Just another rock? Look what we’re doing here: We’re studying layers of atmosphere on a planet we cannot see by using the spectroscopic signatures produced by a star 42 light years from the Sun. In astronomical terms, of course, that’s close, and GJ 1214b’s proximity makes it ideal for the study of mini-Neptunes. Moreover, it may be useful for understanding how our own planet’s atmosphere has changed over time, as Charnay notes in this UW news release:
“Worlds like Titan and this exoplanet have complex atmospheric chemistry that might be closer to what early Earth’s atmosphere was like. We can learn a lot about how planetary atmospheres like ours form by looking at them.”
The trick is in knowing what to look for and developing the tools to investigate — later resources, both space- and ground-based, will then be brought to bear to further the analysis. Given the wild multiplicity of exoplanets, we’re sure to be applying lessons learned at GJ 1214b to other mini-Neptunes, and generalizing from there to broader models of atmospheric evolution. Uncovering things, learning, pushing deeper is a compulsive process. We all have our obsessions, but I can’t think of a better one than the drive to explain other worlds.
The paper is Charnay et al., “3D modeling of GJ1214b’s atmosphere: formation of inhomogeneous high clouds and observational implications,” Astrophysical Journal Letters, Volume 813, Number 1 (abstract / preprint).
Okay, so that famous quote by Benjamin Franklin regarding someone asking him of what use balloons are may or may not have been said by him, but the sentiment definitely applies here in regards to your friend’s comment about Pluto and space in general, Paul:
http://www.lhup.edu/~dsimanek/sciurban.htm
More proof that the mass of humanity really needs to widen its perspectives.
“Beyond that, each new ‘rock’ is part of a process of building understanding. We need to know what is around us because while we cannot solve all mysteries, we are compelled to solve the ones in front of us, the ones we can get to or develop the tools to investigate. The thing is, each time we go looking we seem to find something surprising, and then we need an answer for the conundrum. It’s a process that presumably began early in the development of our species. ”

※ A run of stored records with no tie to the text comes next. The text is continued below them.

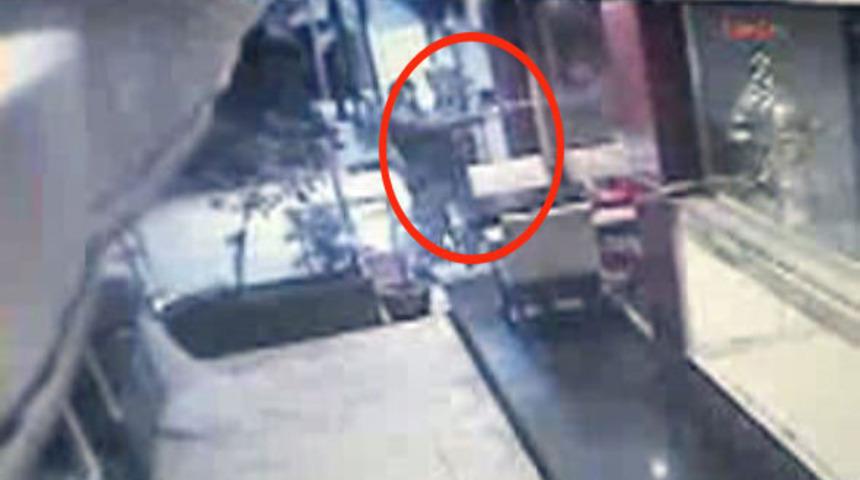 Tartıştığı eşini &ouml;ld&uuml;rd&uuml;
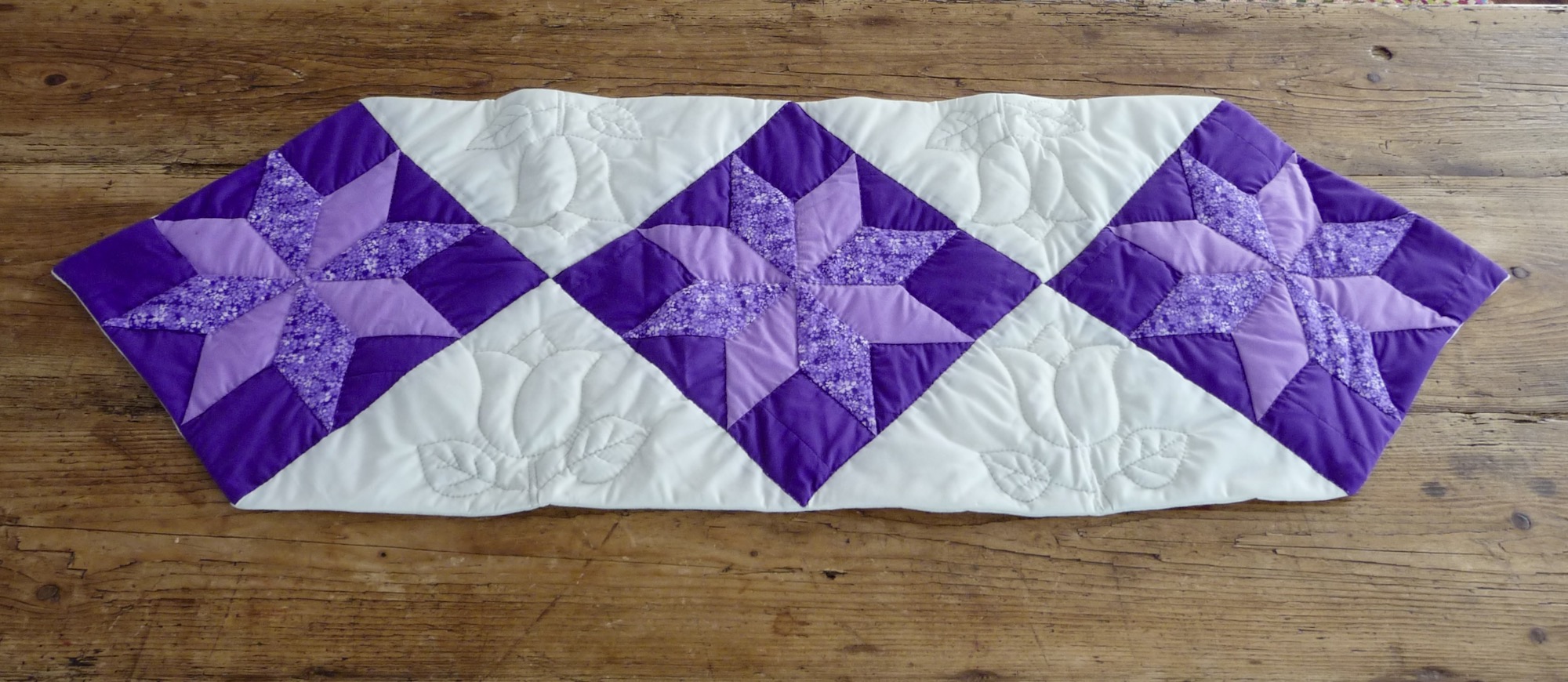 Amish Stars Table Runner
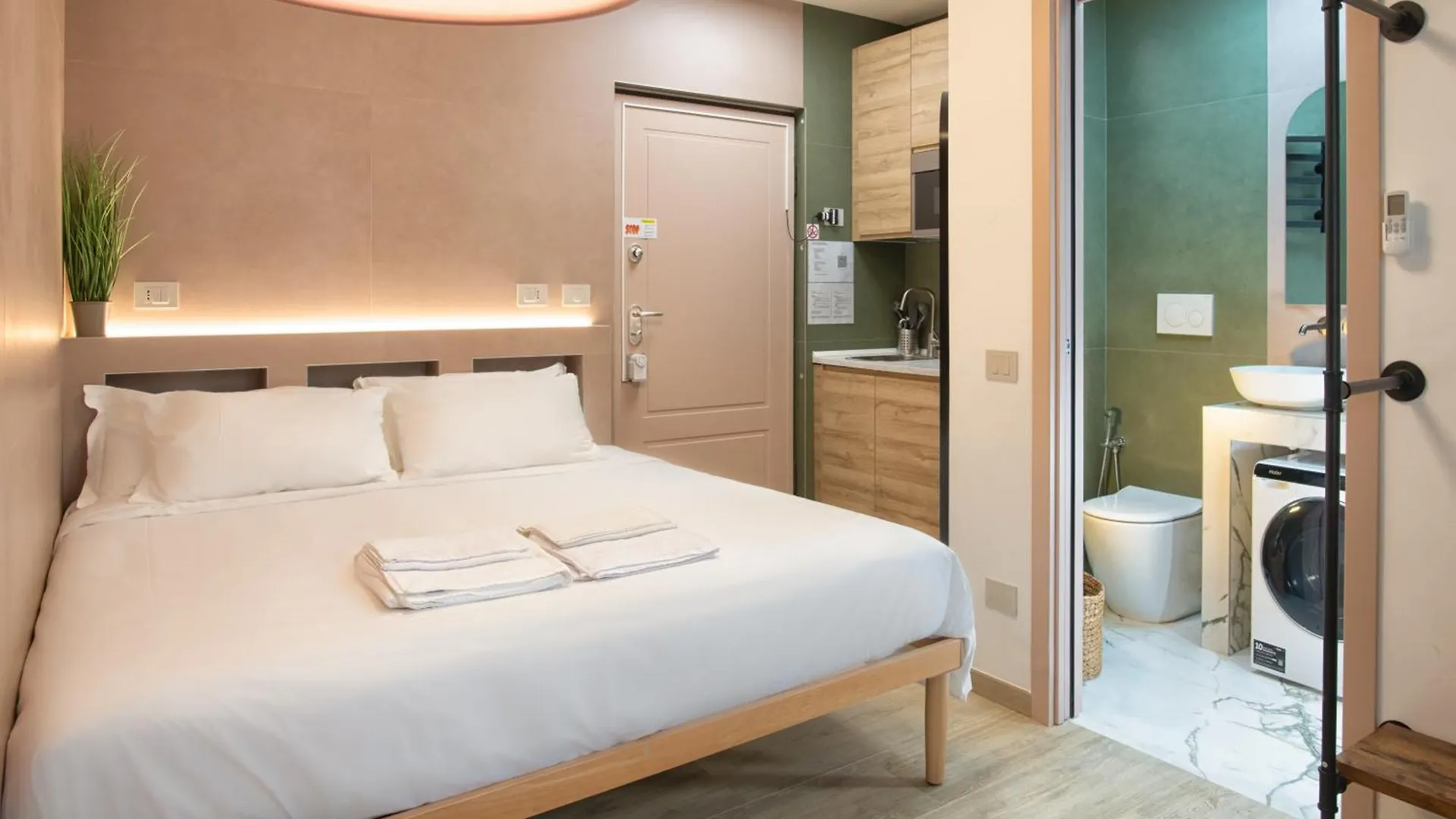 Pink Flamingo Balcony Studio By Central Station Milano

Well said, and the idea goes well beyond astronomy. The synergy of knowledge accumulation leads to unexpected insights. We can’t anticipate how pieces of information will fit together in the future, so the quest for new knowledge and understanding is self-justifying. The mundane of today is the missing piece of tomorrow’s puzzle. The quantum informs the cosmos, and the reverse.
If only we could get the Abes of the world to appreciate the importance of basic research like studying plain old rocks, wherever they be. Understanding begets understanding, and often understanding benefits people.
Not to get political, but imagine if the money we spent on planes guns tanks warships and bombs were spent on scientific research. We’d be more secure in the long run, and better off in general.
These are not just balls of rock: they are huge pieces of reality (much more important than our own Earth in our anthropocentric view of the universe). To know them is similar to knowing the layout of our continents. It is knowledge, that will still be true far after the evanescent ups and downs of some trading system built on some minor planet by some species whose civilization has only proved itself for a few thousand years. It is knowledge that would be true to neighboring civilizations that may have existed millions of years ago or will come in millions of years in time. In a cosmic perspective, these are things that are far far more important.